### DATA PROVIDED:
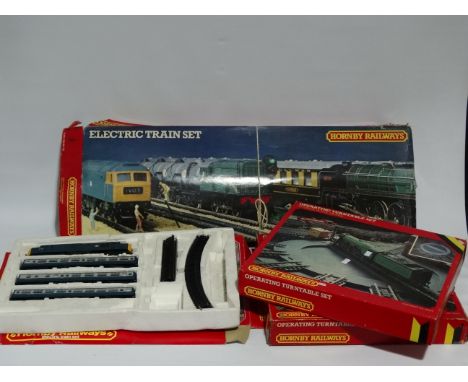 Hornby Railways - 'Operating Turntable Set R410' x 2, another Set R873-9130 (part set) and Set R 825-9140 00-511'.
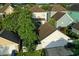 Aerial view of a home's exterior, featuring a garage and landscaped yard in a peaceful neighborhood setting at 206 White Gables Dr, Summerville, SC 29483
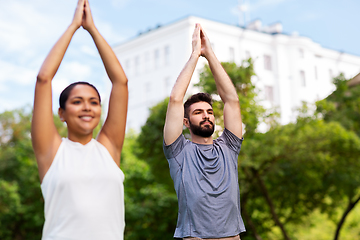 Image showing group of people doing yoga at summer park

==

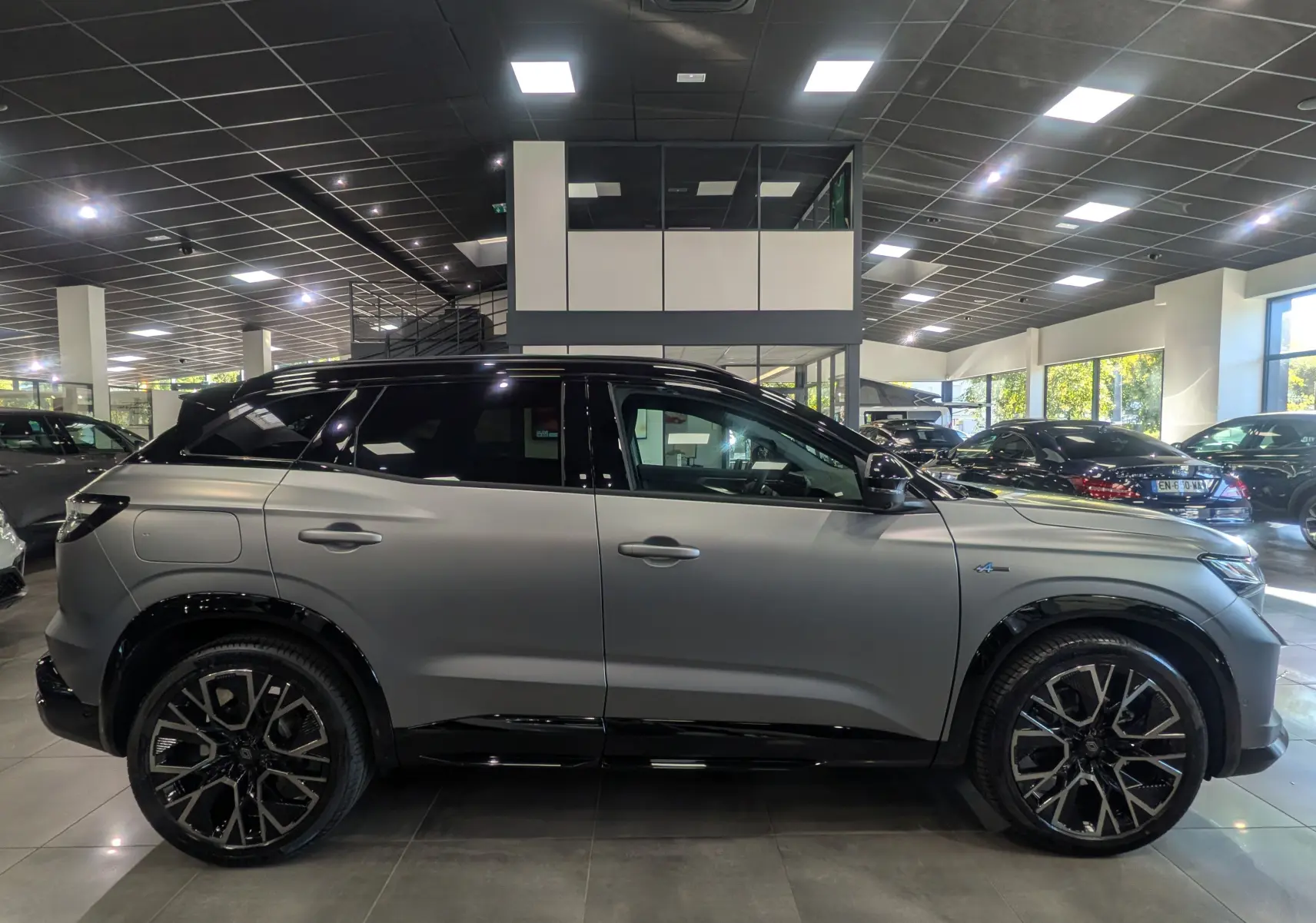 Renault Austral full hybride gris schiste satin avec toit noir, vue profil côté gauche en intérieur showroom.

### EXERCISE PROMPT:
In the entries above, find the line containing "Hornby Railways - 'Operating" and the line containing "Aerial view of", then copy both and every line between them exactly, without any picture.

### FINISHED TASK:
 Hornby Railways - 'Operating Turntable Set R410' x 2, another Set R873-9130 (part set) and Set R 825-9140 00-511'.
 Aerial view of a home's exterior, featuring a garage and landscaped yard in a peaceful neighborhood setting at 206 White Gables Dr, Summerville, SC 29483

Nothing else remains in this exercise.